DVXuser Monsterfest Winners!

A few weeks back, I was asked to be one of the judges for DVXuser’s Monsterfest short film competition. Time is short nowadays, however I was not only honored, but I also couldn’t pass up the opportunity to check out a bunch of short films (especially when I was asked by none other than Jack Daniel Stanley, whose short films at Shriekfest were a definite highlight of that festival) by upcoming filmmakers.

So I watched all 13 finalists, and enjoyed pretty much all of them. Of course I liked some more than others, but all 13 films were well-made, unique from one another, and largely entertaining. And while I had favorites, it wasn’t easy to put them in any sort of ranked order, which I had to do in order to submit my ballot so a winner could be determined among all of the ballot entries from the other judges (which included Denise Gossett of Shriekfest, Grudge screenwriter Stephen Susco, and other esteemed folks).

At the end of the day, the three big winners were Dispatch, Bits and Pieces, and Red and the Wolf, all of which were among the top half of my ballot, making my promise to review the winners all the more pleasurable. So, on to the reviews, and congrats to all of the finalists!

NOTE - as the films are only a few minutes each, it would be hard to discuss them without spoiling plot points. You can watch all of the films on the DVXuser site, so I recommend doing that prior to reading the reviews.

This spin on Little Red Riding Hood struck a chord with me, as it follows a similarly circular plot that I devised for a short script I wrote in college, where the heroine turns out to be the villain and is apparently leading a succession of good Samaritans to their doom. Obviously, I like the central concept. It’s also pretty suspenseful - the middle of the film depicts a cross over a bridge, which has its own little surprise that ramps up the tension.
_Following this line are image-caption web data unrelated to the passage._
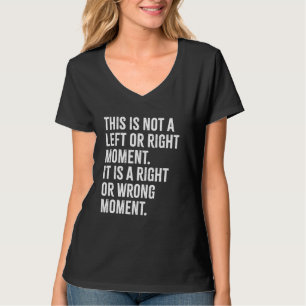 Senator Cory Booker Dit is geen links of rechts mo T-shirt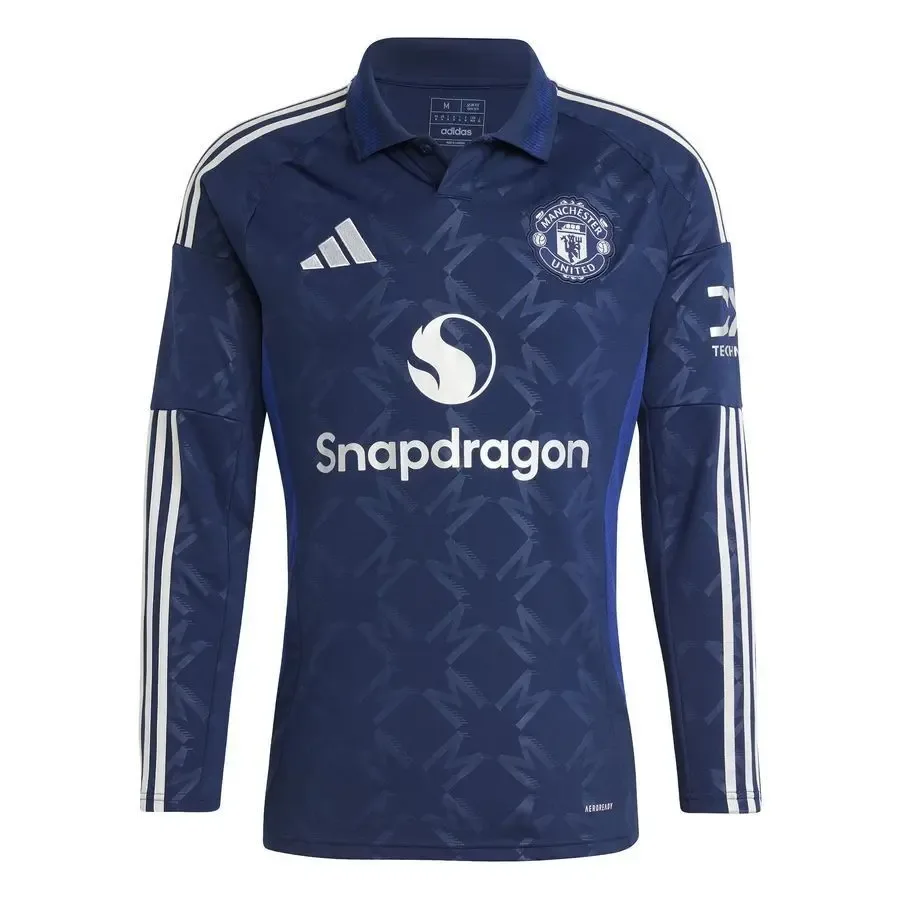 Maillot Extérieur manches longues Manchester United 2024-2025 — Bleu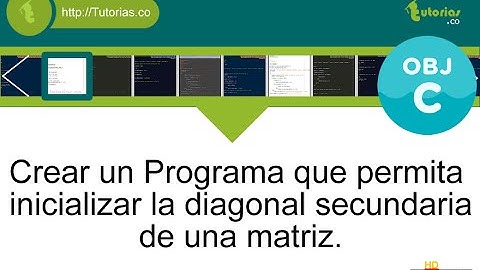 POO + arrays + Objective C (diagonal secundaria de una matriz)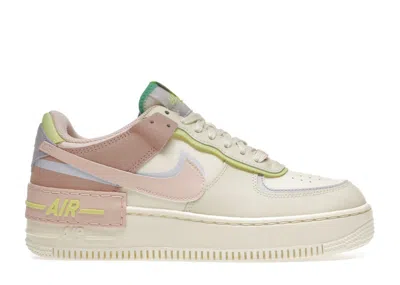 Pre-owned Nike Air Force 1 Low Shadow (women's) Sneakers In Cashmere/pure Violet/pink Oxford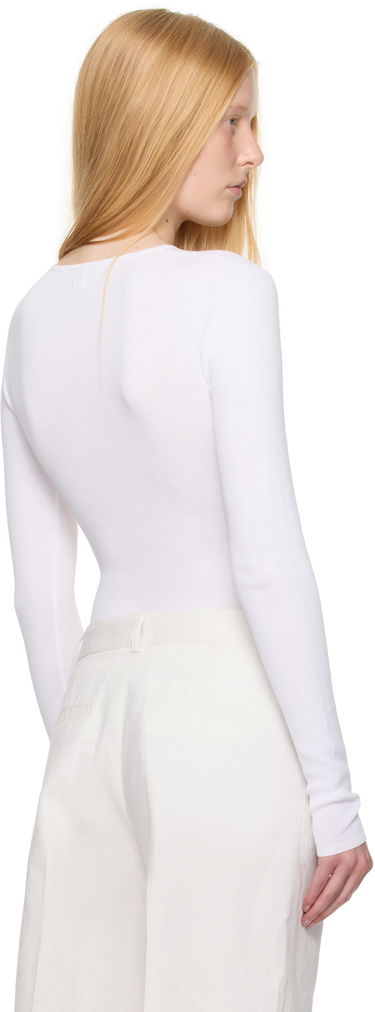 Tričko TOTEME TOTEME Compact Cotton T-Shirt Biela | 252-WRT0491-YA0172, 2
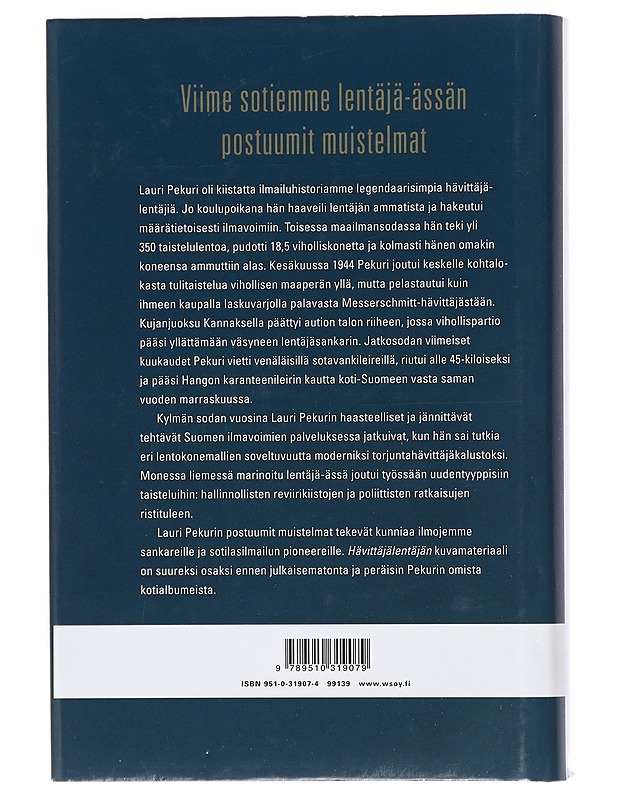 Hävittäjälentäjä - Pekuri, Lauri - Elämäkerrat ja muistelmat - 10105466392 - 1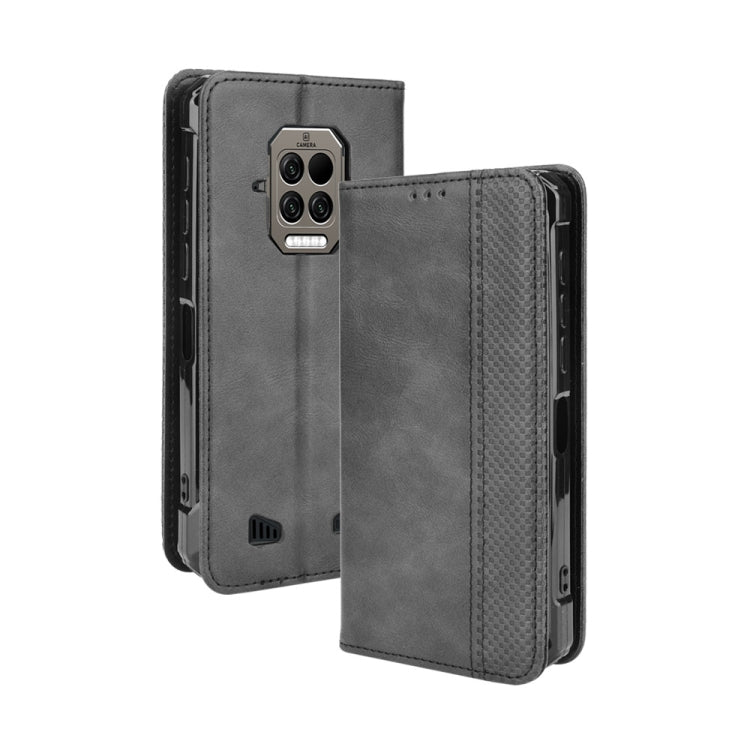 For Doogee S86 / S86 Pro Magnetic Buckle Retro Pattern Horizontal Flip Leather Case with Holder & Card Slot & Wallet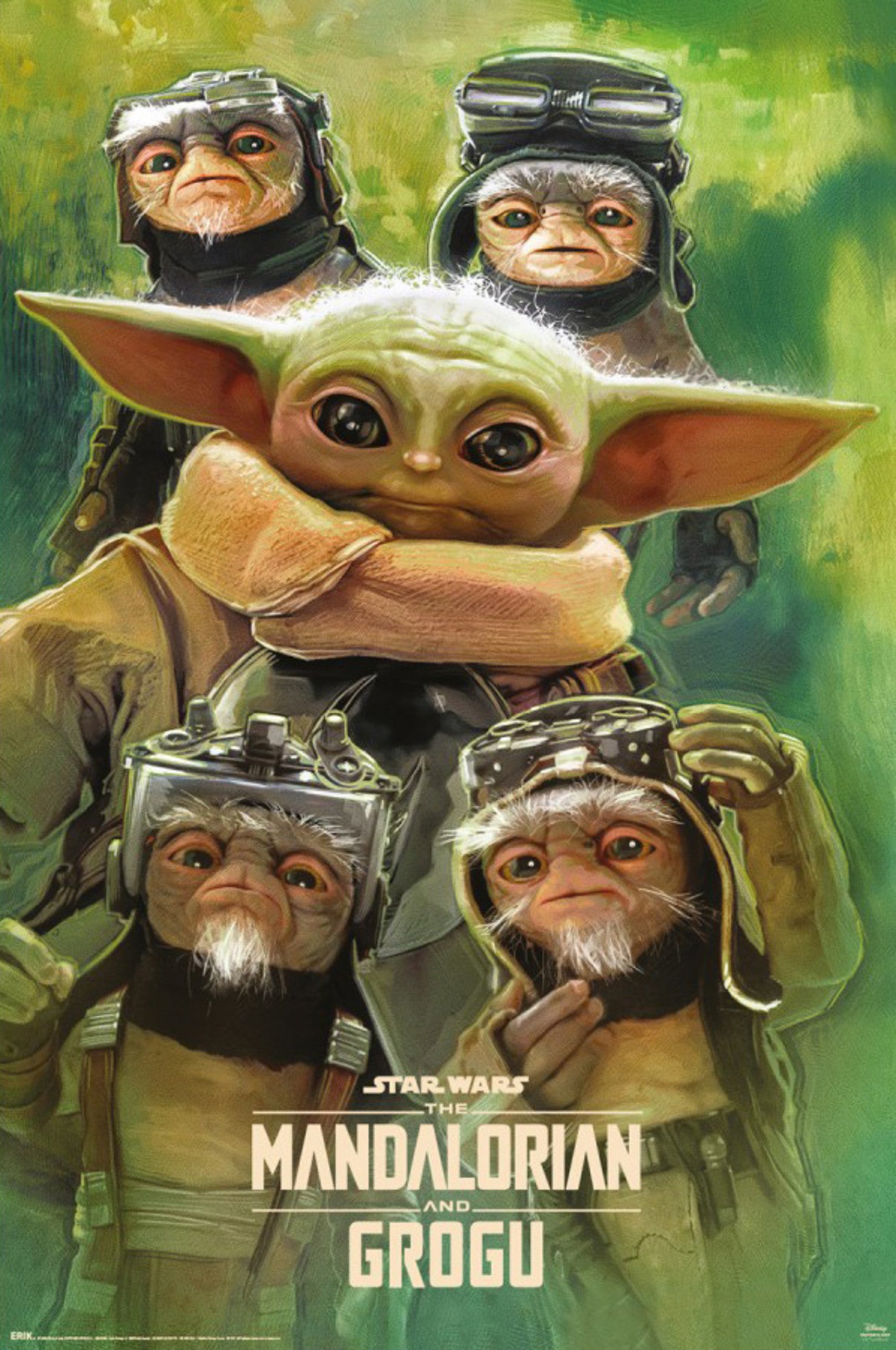 Poster Star Wars The Mandalorian And Grogu Grogu Anzellans 61x91 5cm GPE6055 | Yourdecoration.com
This one placed in my own top 3 as well. It’s a strange, oddly moving piece about a monster trying to find companionship, but ultimately gives in to his horrific nature. The set design and lighting are fantastic; even though it all takes place in one building, it has the most polished and “professional” look of all of the entries. And additional props to director/editor Justin Durban for doing the music as well, I dug the hell out of the score.
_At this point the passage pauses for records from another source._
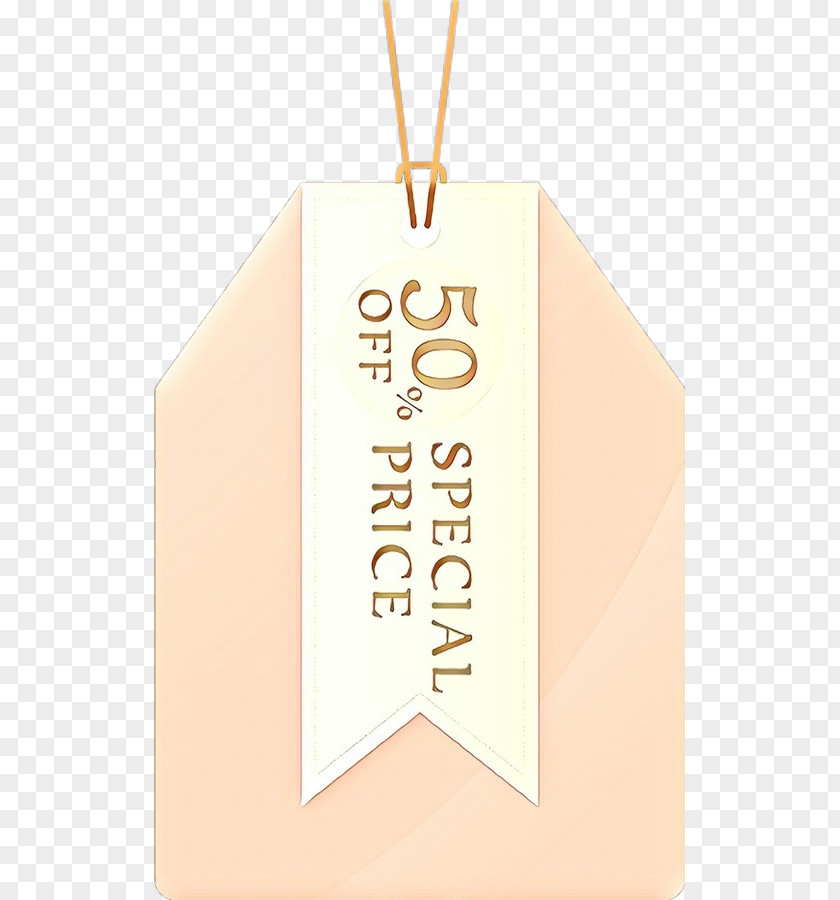 Text Font Beige Label Ornament PNG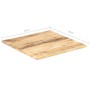 Superficie de mesa madera maciza de mango 25-27 mm 60x60 cm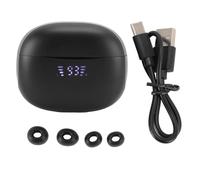 Transport Language Translator Earbuds 137 Lingue Riduzione del rumore IPX6 Auricolare Bluetooth 5.3 Waterproof Bluetooth 5.3 con display di potenza per socializzare musica e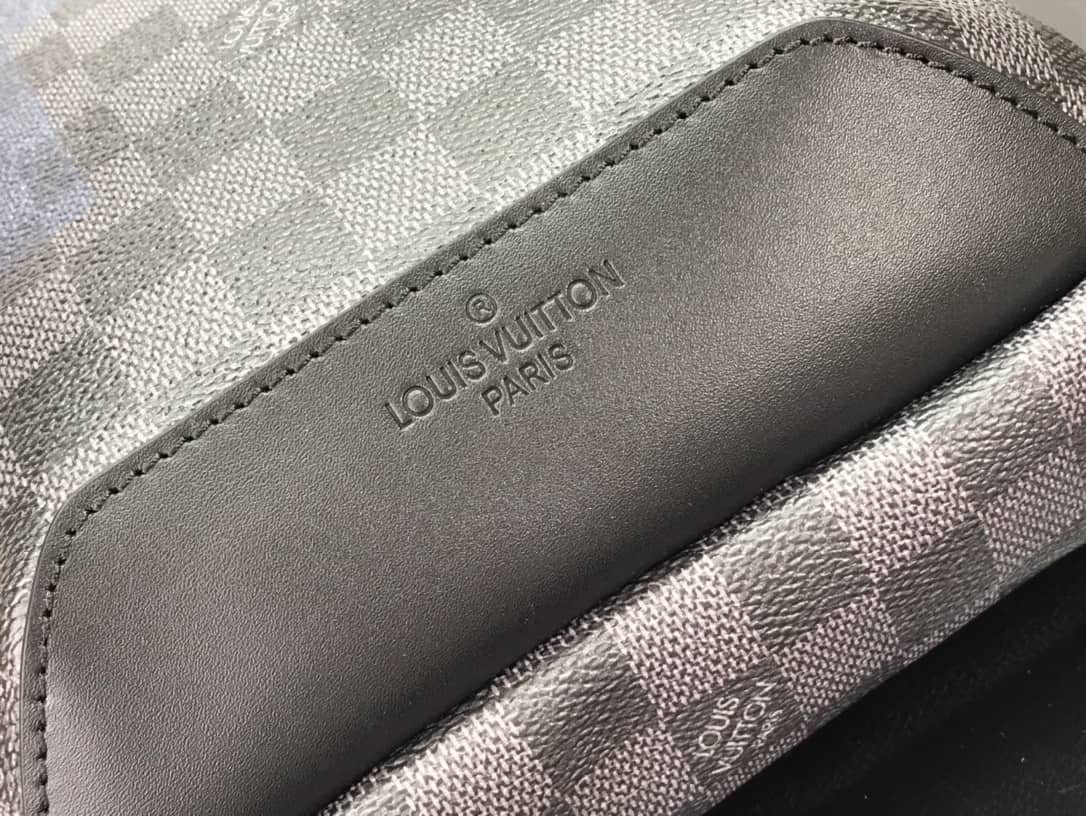 L0vis Vvtt0n Damier Graphite Mens Avenue Replica Sling Bag Black Blue N40403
The big winner! A woman makes a 911 call, and throughout the course of the piece we learn a. what happened to her and b. the real reason for her call. Lots of short films have twists, and even though I saw this one coming, it’s still one of the better ones I’ve seen in recent memory, and it works on a horror level as well as a darkly comic one. And “Noble O” tells his/her story almost completely without dialogue, trusting in his visuals (and traditional horror “rules”) to let the audience know what happened and why, which is laudable in and of itself. The monster makeup is surprisingly strong as well - it’s only on-screen for a few frames, which some filmmakers might use as an excuse to cut corners and put any old thing up on the screen, but that does not seem to be the case here. A fast-paced, suspenseful, darkly funny film all around.
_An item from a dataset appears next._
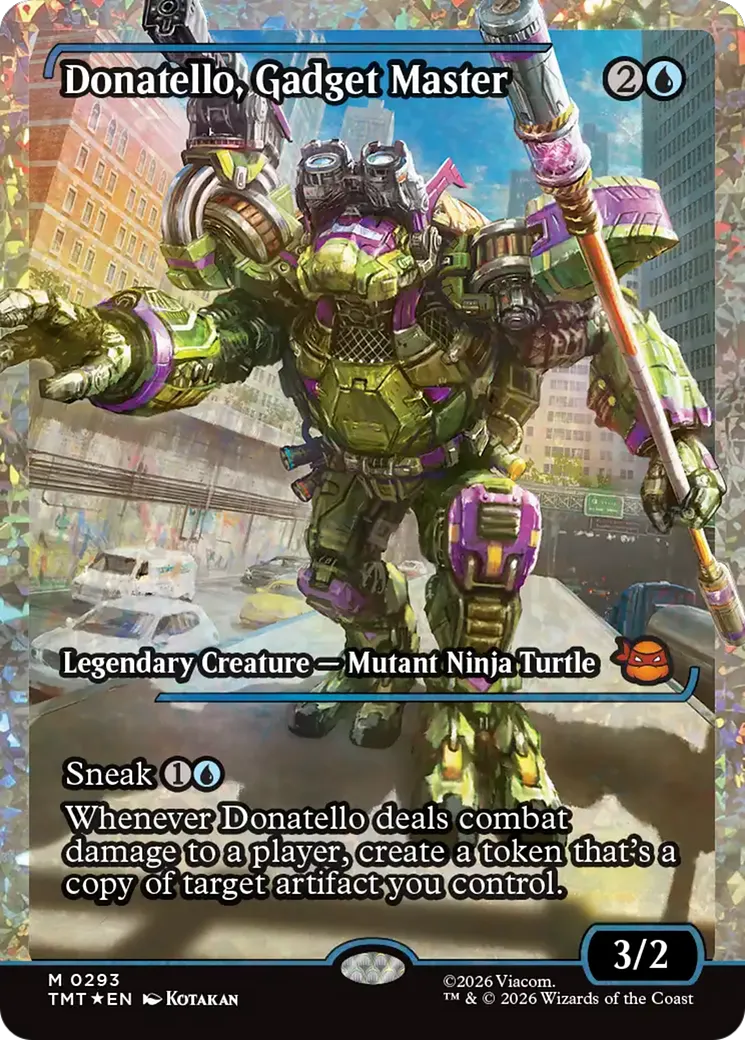 Donatello, Gadget Master — Teenage Mutant Ninja Turtles — Magic: The Gathering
I would also like to give a shoutout to Devon Lyon and his film The Tell, which is the first short I can recall ever seeing that included a full blown musical number. I love to be surprised, and let me tell you - I did NOT expect a showtune. It was a bold gamble, and while it didn’t win everyone over, it ranks as the single most unique entry of the bunch, and I eagerly await the next film from Lyon and his crew.